Взгляните, как индийские поэты описывают тип совершенной женщины, чье имя Падмини, женщина – лотос (Kamasutram). Она прекрасна, как нераскрывшийся лотос, как наслаждение. У нее стройный стан и поступь лебедя. Ее голос как пение птицы, манящей другую, ее слова – как сладостная сома. От нее исходит дыхание мускуса, и за нею летит золотая пчела, кружась над ней, как над цветком, таящим нежный запах меда. Ее длинные шелковистые волосы волнисты; они благоуханны сами по себе, и лицо ее окружено ими, как лунный диск в полнолуние. Ее глаза, чей разрез прекрасен, блестящи, нежны и пугливы, как глаза газели; черные, как ночь, их зрачки горят в глубине орбит, как звезды в мрачном небе; их длинные ресницы дают взгляду силу притягательную. Ее чувственные губы розовы, как венчик нерасцветшего цветка, или красны, как красные плоды. Ее белые зубы как аравийский жемчуг; улыбнется – и они как жемчужные четки в оправе из коралла. Изящная, как воздушный лепесток, она любит белые одежды, белые цветы, красивые драгоценности и богатые наряды.

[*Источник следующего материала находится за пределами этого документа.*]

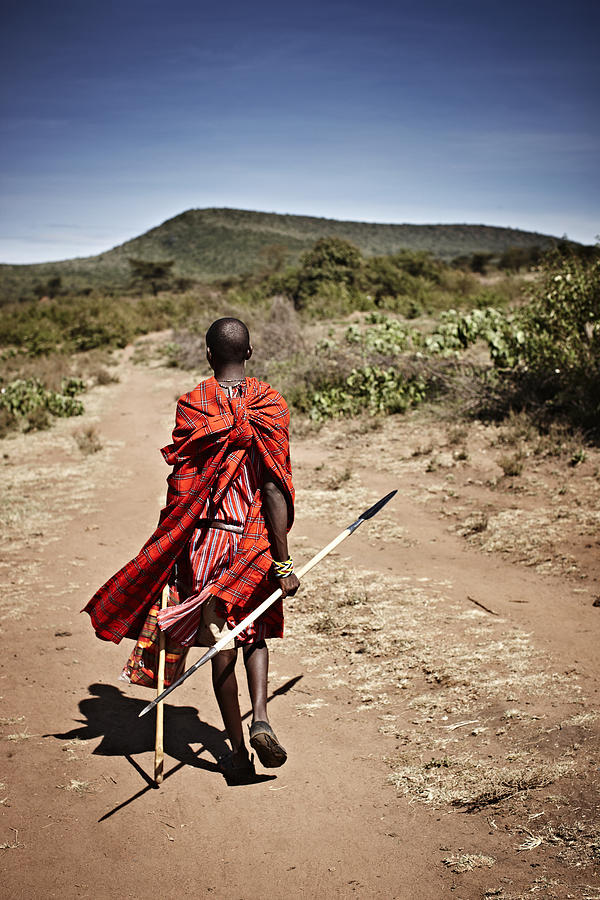 Maasai Man Walking On Dirt Road Photograph by Niels Busch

Совершенно так же и в «Песни Песней» мы видим, как великий царственный поэт, плененный смуглою дочерью пустыни, воссоздает перед нами, в частичных гимнах, образ своей возлюбленной, чьи поцелуи слаще мирры и вина. И Шелли, в поэме «Эпипсихидион», отдается тому же побуждению, когда, описывая идеальную Эмилию Вивиани, он нагромождает один образ на другой. И Эдгар По в своей гениальной фантазии «Лигейя», рисуя сказочную женщину, создает поэму женского лица.
Мы имеем здесь дело с той способностью человеческой души, которую я назову радостью многогранности и – как ни страшно научное слово – назову еще усладою классификации. Эта способность проявляется у людей влюбленных, у людей, страстно любящих что-нибудь, понуждаемых этой исключительной любовью к непрерывному созерцанию любимого, а отсюда к открытию в том, что любишь, вечно новых и новых оттенков. Эта способность составляет неотъемлемую черту целых народов, которые по страстности своей всегда находятся в космической влюбленности. Мы, северяне, мы, белолицые, бледные, смотря на родную природу, куда как односложны в наименованиях. Видим иву, скажем – плакучая ива, ветвистая ива и снова – плакучая ива. Лесную красавицу нашу, березу, называем белой березой, кудрявой, скажем иногда – тонкоствольная береза, сравним иногда березу с молодою девушкой. Дальше не пойдем. Вырвется у нас, в счастливую минуту, пять-шесть определений, и затем северная мысль вступает в круг повторностей. Возьмите индусскую фантазию, индусскую восприимчивость, и вы увидите нечто совершенно иное. Каждому растению индус, кроме основного названия, дает еще целый ряд других. (См., например, Hector Dufrene. La Flore Sanscrite. Paris. 1887.) Бамбук для индуса не только бамбук, но еще – жадный до воды; узлистый; стеблеподобный; древо для лука; на крайних ветвях плодоносный; семя смерти; цепко за землю схватившийся; чей плод похож на ячмень; звучащий; зародыш огня; множество; великая трава; благополучие дающий; добрый узел; возлюбленный царями; враг врага. И в то время, как мы о водной лилии говорим лишь, что она белая да чистая, индус говорит о священном лотосе: друг черной пчелы; черный корень; радость земная; водный камыш; луна; из вод растущий; воду покрывающий; рождающийся в воде; из влаги исшедший; водой порожденный; прудовой; вода; влага; подобный оку; столистный; тысячелистный; обиталище весны; пребывание Лакшми (богини красоты); солнечный дар; красотою возлюбленный; лучезарный; богатство; округлый лист; богатый лист; лист огня.